With the ability to choose the time when recovery stops, there are other methods of stopping recovery.

Named restore points

If we are doing work known to possibly be dangerous, it is best to do it within a transaction. But larger sweeping changes may contain a lot of DDL or precede a large series of database loading jobs. At these times, it may be beneficial to name certain actions so we can recover specifically to a point before they executed. To do this, we first need to name the action with a built-in function.

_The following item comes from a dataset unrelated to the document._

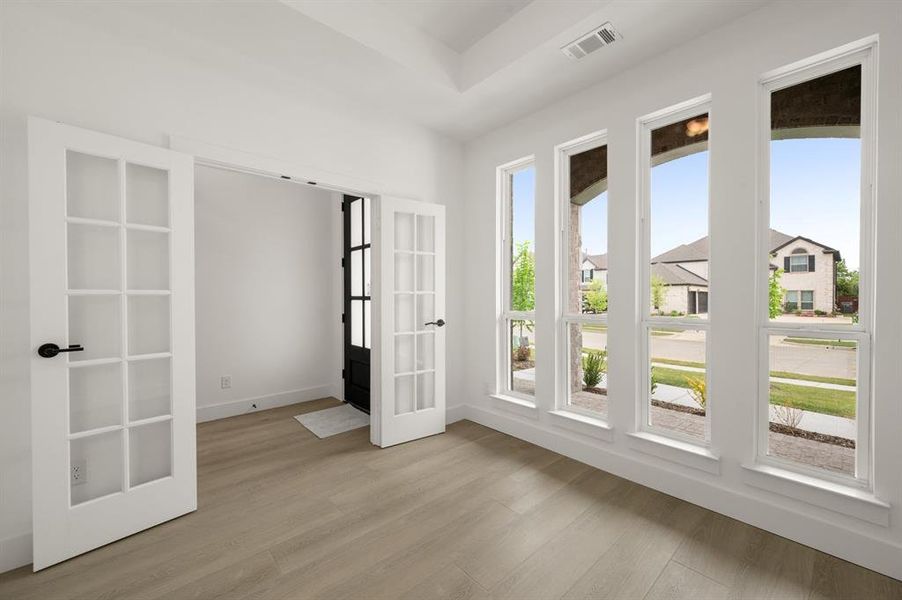 Spacious, unfurnished interior of a new home in High Country, Burleson (Image 26).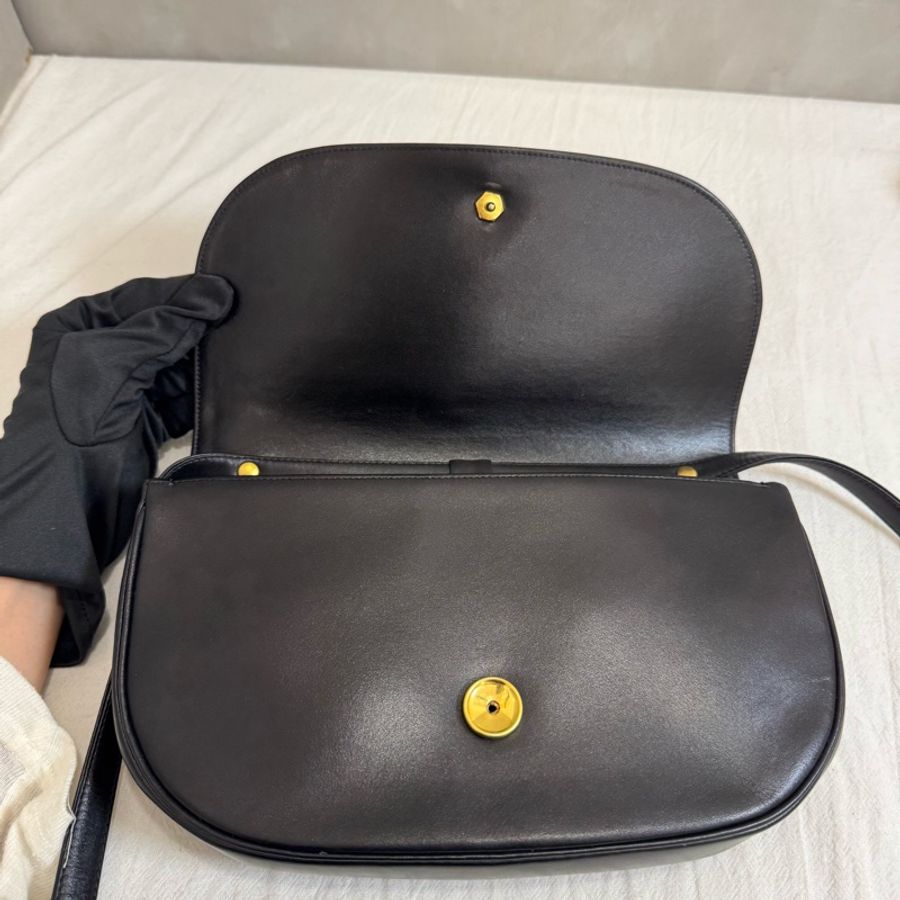 Dior 立體CD 黑色皮革斜背包-11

$> psql -c "select pg_create_restore_point('dangerous');" postgres

Then after the commands are executed and we decide to restore to our named label, our recovery.conf changes slightly as shown in the following settings:

restore_command = 'cp /archive/%f "%p"'
recovery_target_name = 'dangerous'

With no other changes in the process, recovery will stop when it reaches the named point we created.

Timelines

At some point at the end of the recovery, the database will output the following line to the log file:

LOG:  selected new timeline ID: 2

What is a timeline? By restoring a database, we are effectively traveling in time, to the period when the backup was taken. This is especially true if we restore to a specific point in time or a named restore point. If this is done several different times, we may want to recover to a timeline somewhere in the middle of several recovery attempts. We can do that by selecting a timeline in the recovery.conf file.

restore_command = 'cp /archive/%f "%p"'
recovery_target_timeline = 4

This type of recovery will restore to the end of the selected timeline unless a time is specified. In the previous case, we did a lot of select statements and came to the conclusion that it was the correct timeline, and we want it to fully recover before using it as our main database.

It is important to remember that no recovery can reach a time before the backup was taken. In addition, all transaction logs after the backup are necessary to be fully restored. At the very least, we need the logs leading to our selected time, timeline, or recovery point. That is why we keep them in a remote server or tape for as long as possible. Enterprise systems sometimes keep both backups and transaction log files around for several years. Either way, it is good practice to keep both binary backup types for emergency use for several days.